Here he enjoyed a ringside seat from where he could observe the maneouverings of Indian National Congress politicians before they obtained absolute power in 1947, and it set the seal on his antipathy for Indian nationalism and for some aspects of Gandhi. This did not prevent him, though, from swallowing his reservations and writing a mainly flattering, if premature obituary of the fasting Mahatma in 1943 while working for All India Radio in New Delhi - where he had recently shifted with his long-suffering, devoted wife Amiya and young family, abandoning Calcutta physically, though never mentally, for ever.

Gandhi survived, but his obituary, Chaudhuri discovered, had not survived the scrutiny of his Indian superiors who had deleted all the laudatory references. Five years later, after Independence, when Gandhi was assassinated, the obituary was finally broadcast - now with the deleted passages restored by the very same officials.

One can understand the contempt aroused in Chaudhuri by many such incidents, which he expressed in his prize-winning The Continent of Circe (1965). From the 1950s, and especially after 1970, when he and his wife settled in Oxford, he increasingly turned his fire upon modern Britain too, always with wit and sometimes with accuracy, in articles for British newspapers and periodicals, and asides in books such as A Passage to England (1959) and Clive of India (1975). Not that earlier he had endorsed the bulk of British policies and racial behaviour in India - as opposed to the beneficent influence of British (and other European) literature and thought - but the post-war British struck him as going rapidly and willingly into decline.

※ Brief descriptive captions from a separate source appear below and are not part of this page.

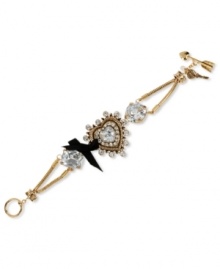 A little heart goes a long way. This darling toggle bracelet from Betsey Johnson boasts a heart charm with crystal accents and large crystal stones with a black grosgrain ribbon bow. Crafted in antiqued gold tone mixed metal. Approximate length: 7-1/2 inches long. Approximate width: 1-1/2 inches.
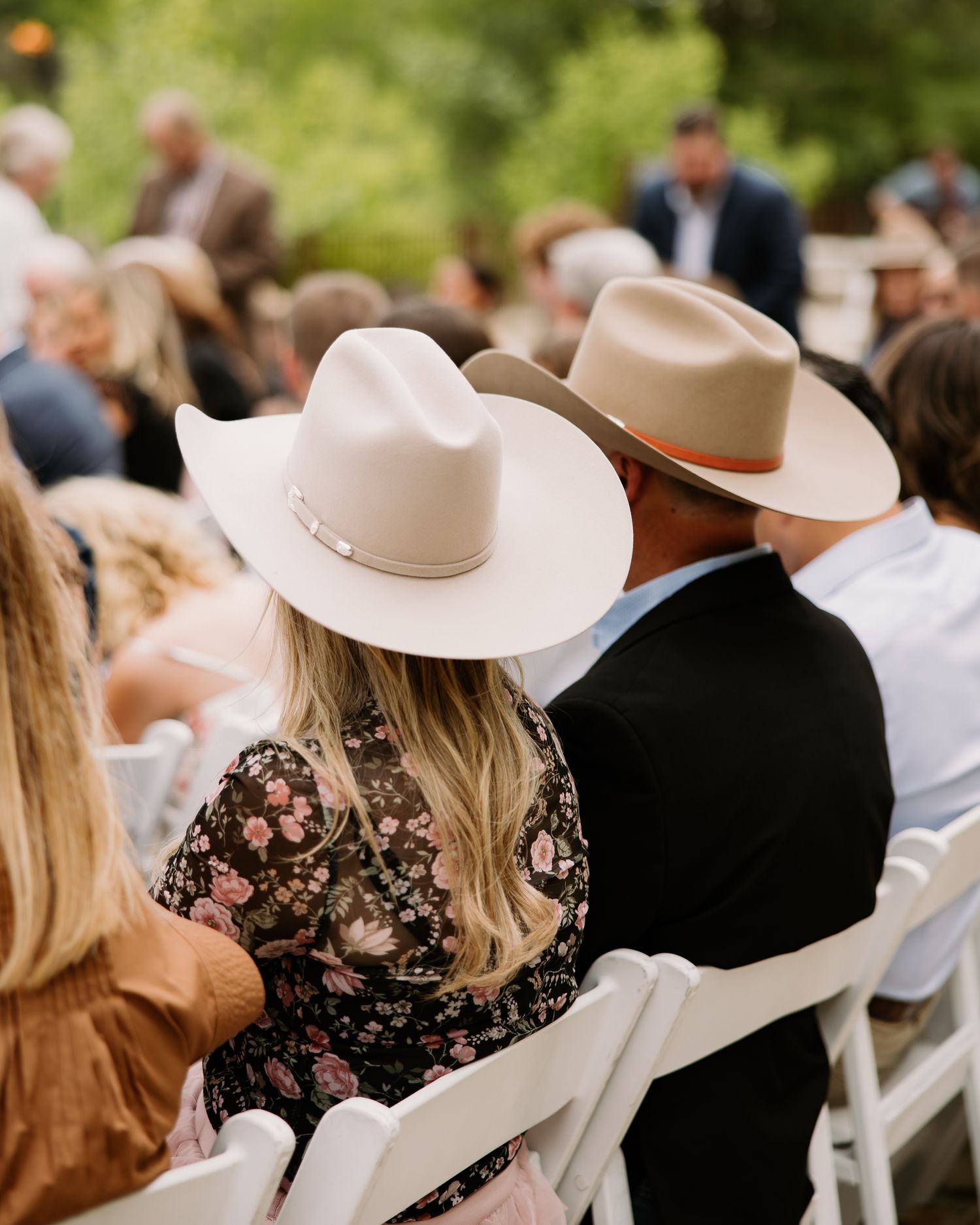 Couple wearing matching western cowboy hats seated at an outdoor wedding ceremony among other guests.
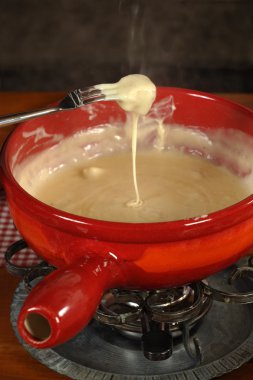 Swiss traditional fondue clipart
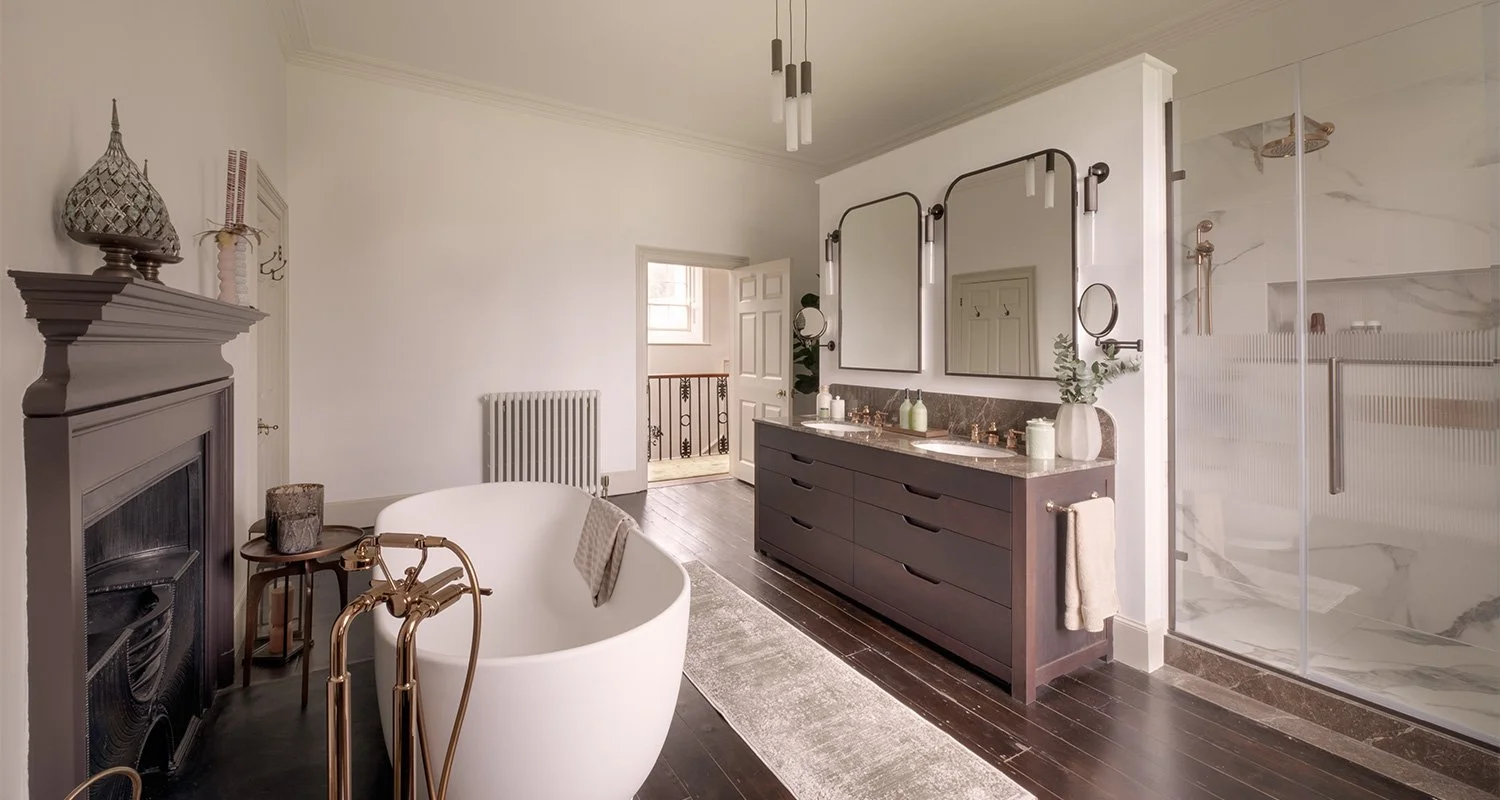 Georgian manor master ensuite with warm tones, open layout, and a blend of traditional and contemporary design and free standing bathtub..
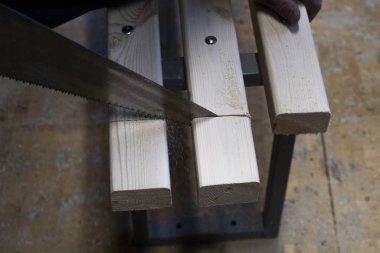 Testereyle kesmek veya marangozluk veya marangozluk çalışmaları sırasında bir inşaat alanında bir ahşap tahta veya çubuk bir el testeresi veya demir testeresi ile kesme.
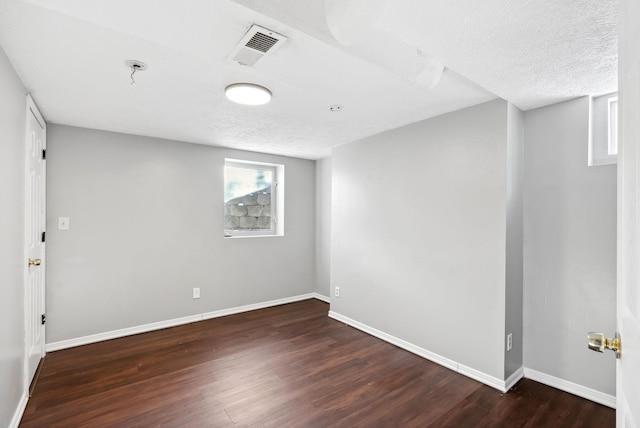 107 E 29th Ave, Spokane, WA 99203 - spare room featuring wood finished floors and a textured ceiling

Au fond Chaudhuri was radically out of sympathy with the century in which he was destined to live. That was both his strength and his weakness; and the source of his uniqueness and contradictions. It was wholly characteristic of him that (like Gandhi) he rejected the technological art form invented in his lifetime, the cinema, in which one of the greatest artists was a fellow Bengali, Satyajit Ray. While respecting Ray personally, Chaudhuri was critical of the few Ray films he admitted to having seen. Probably he sensed that their sophistication and humanity might undermine his own brilliantly constructed vision of Bengal's descent into anarchy.

In 1990, following Ray and that greatest of Bengalis, Rabindranath Tagore, Chaudhuri was happy to be awarded an honorary doctorate from Oxford University; and in 1992, he was delighted to be appointed an honorary CBE. He hardly ceased to write, despite failing eyesight - producing a slim and provocative polemic in English at the age of 100 (Three Horsemen of the New Apocalypse, 1997) - and never stopped talking, often scintillatingly, always with the vigour of someone a third his age. To hear him recite from memory lengthy extracts from his favourite writers in Bengali, Sanskrit and English was a moving (and shaming) experience.

His final work in Bengali was a last effort to alert Bengalis to the real worth of Tagore, a giant writer and human being for Chaudhuri whom, he said with satirical truth, Bengalis were treating as "the holy mascot of Bengali provincial vanity". Like Tagore, Chaudhuri never quite lost the desire to appeal to his countrymen: he was always, as he once gleefully told me, a bestseller among those who most reviled him.

Andrew Robinson

Nirad Chandra Chaudhuri, writer: born Kishorganj, East Bengal 23 November 1897; Secretary to Sarat Chandra Bose 1937-41; FRSL 1975; Hon CBE 1992; married 1932 Amiya Dhar (died 1994; three sons); died Oxford 1 August 1999.